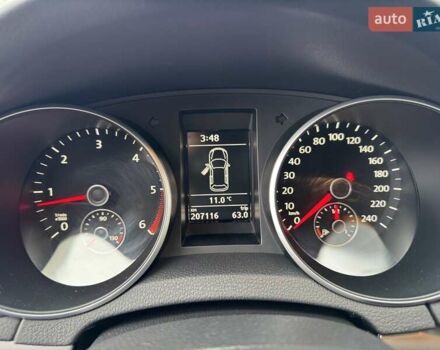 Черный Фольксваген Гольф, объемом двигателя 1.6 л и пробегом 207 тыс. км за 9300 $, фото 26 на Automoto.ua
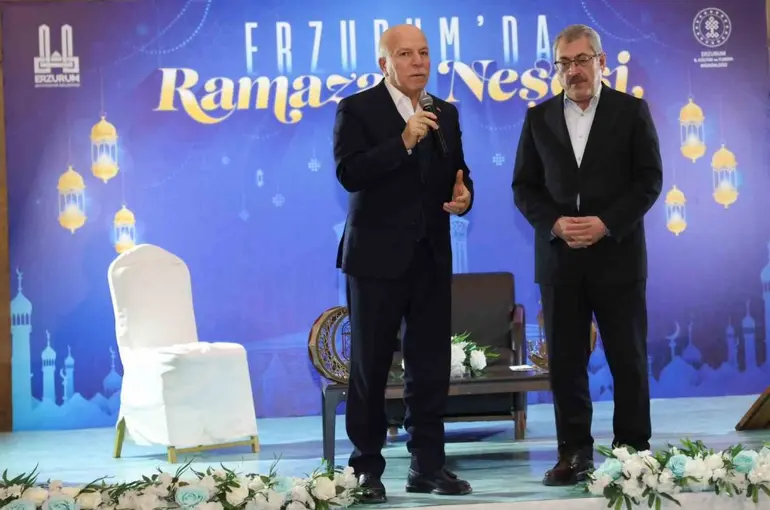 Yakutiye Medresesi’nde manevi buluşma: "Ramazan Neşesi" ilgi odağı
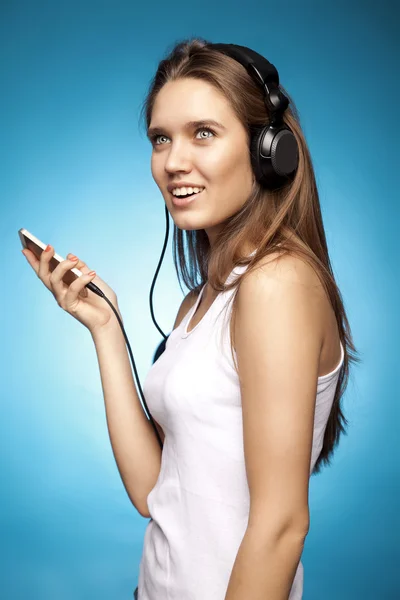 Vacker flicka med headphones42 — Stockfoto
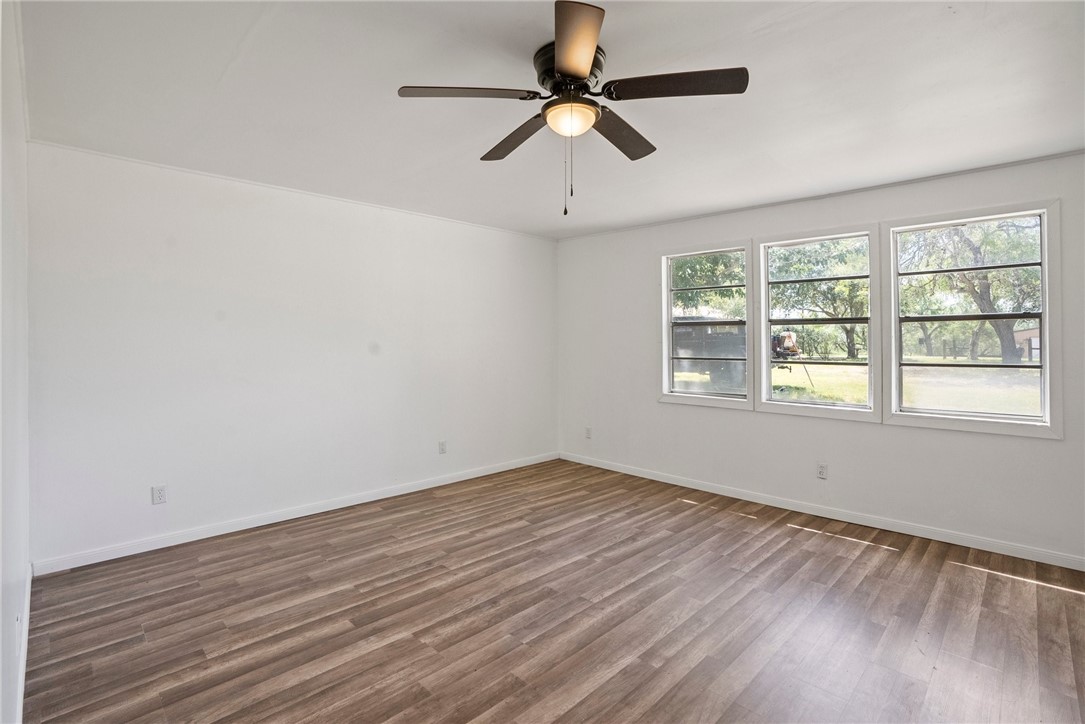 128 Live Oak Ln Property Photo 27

******************************

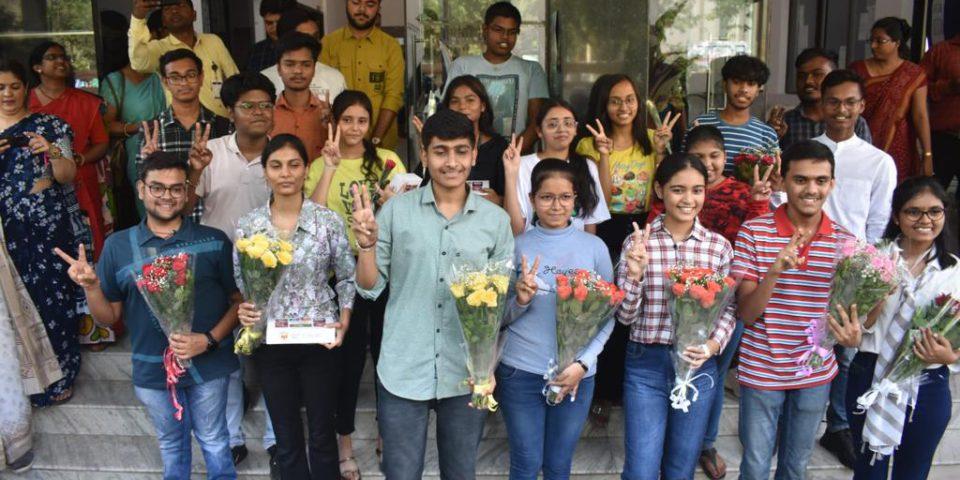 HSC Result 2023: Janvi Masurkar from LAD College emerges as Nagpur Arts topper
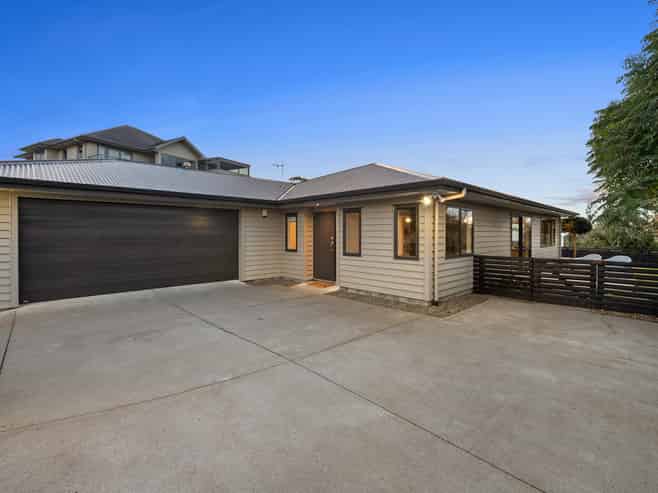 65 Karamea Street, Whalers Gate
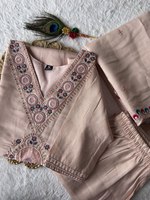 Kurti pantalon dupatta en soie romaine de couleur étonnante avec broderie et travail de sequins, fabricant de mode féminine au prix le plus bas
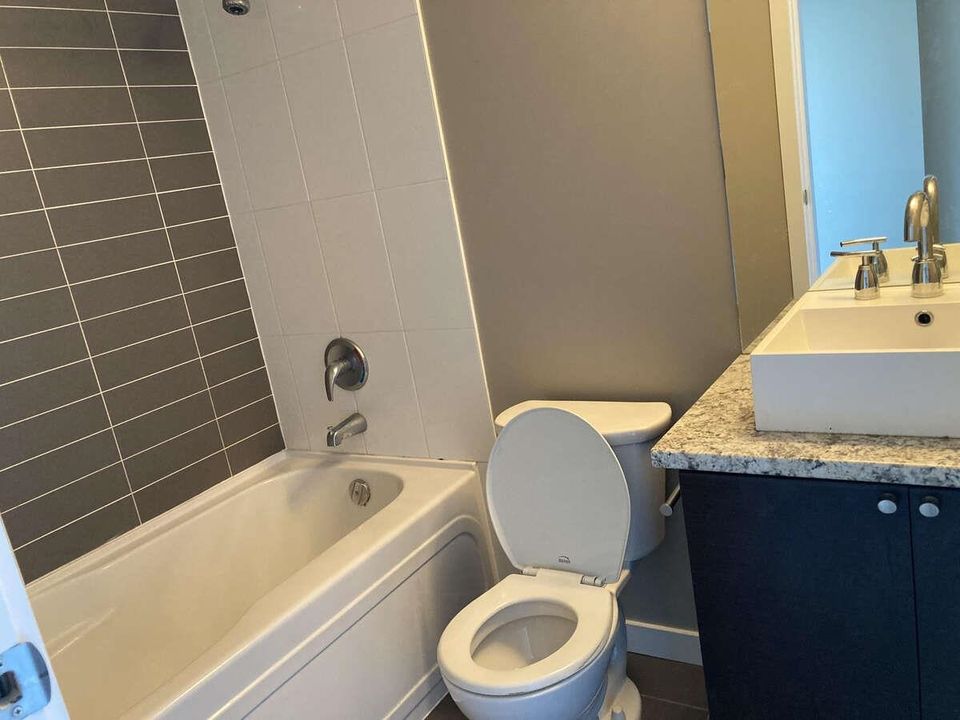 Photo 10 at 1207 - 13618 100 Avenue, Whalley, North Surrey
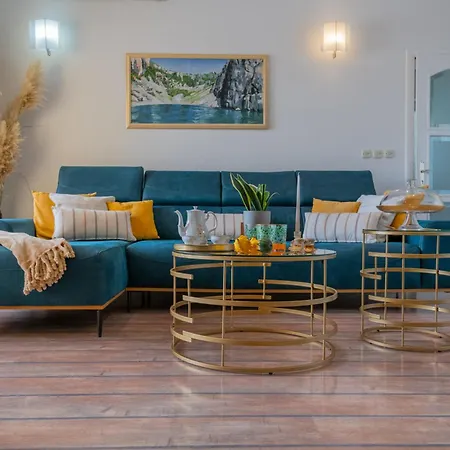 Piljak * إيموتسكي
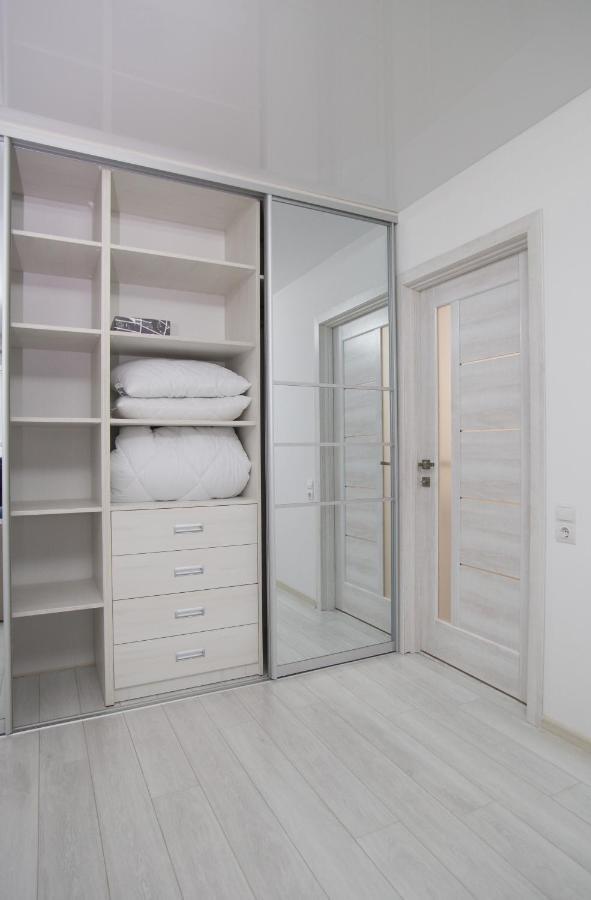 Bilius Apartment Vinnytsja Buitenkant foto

******************************

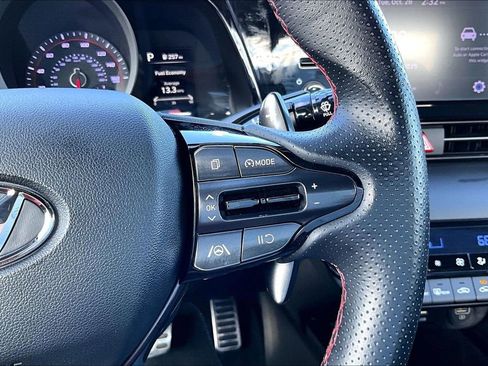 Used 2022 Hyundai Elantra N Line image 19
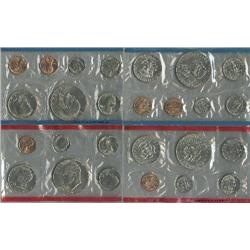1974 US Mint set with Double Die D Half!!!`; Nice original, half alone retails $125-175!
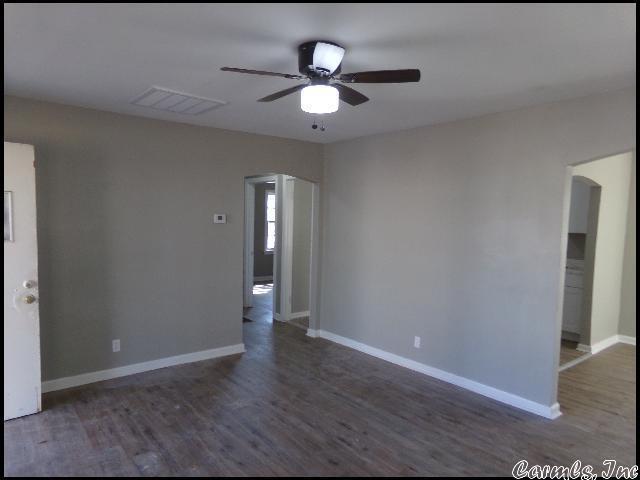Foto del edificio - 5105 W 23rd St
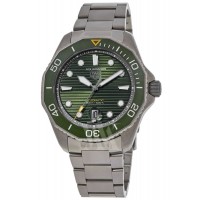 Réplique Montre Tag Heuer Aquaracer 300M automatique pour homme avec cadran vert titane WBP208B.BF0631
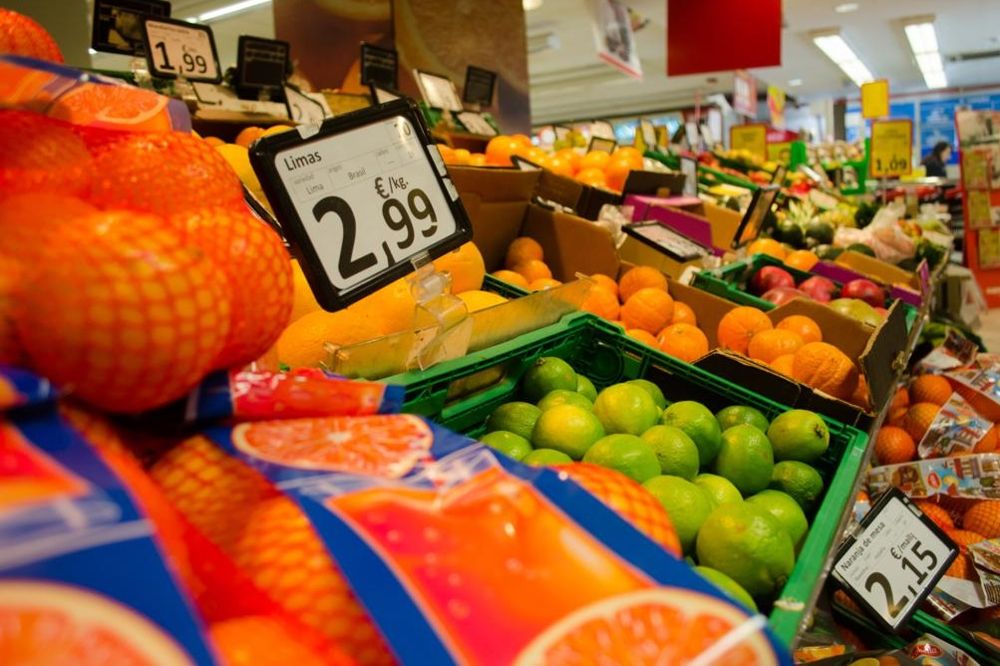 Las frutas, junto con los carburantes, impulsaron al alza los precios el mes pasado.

******************************

_Requirement_
Reproduce the entries exactly, from the line with "Photo 10 at" to the line with "Bilius Apartment Vinnytsja Buitenkant foto", both lines included, keeping no pictures.

_Answer to this task_
 Photo 10 at 1207 - 13618 100 Avenue, Whalley, North Surrey
 Piljak * إيموتسكي
 Bilius Apartment Vinnytsja Buitenkant foto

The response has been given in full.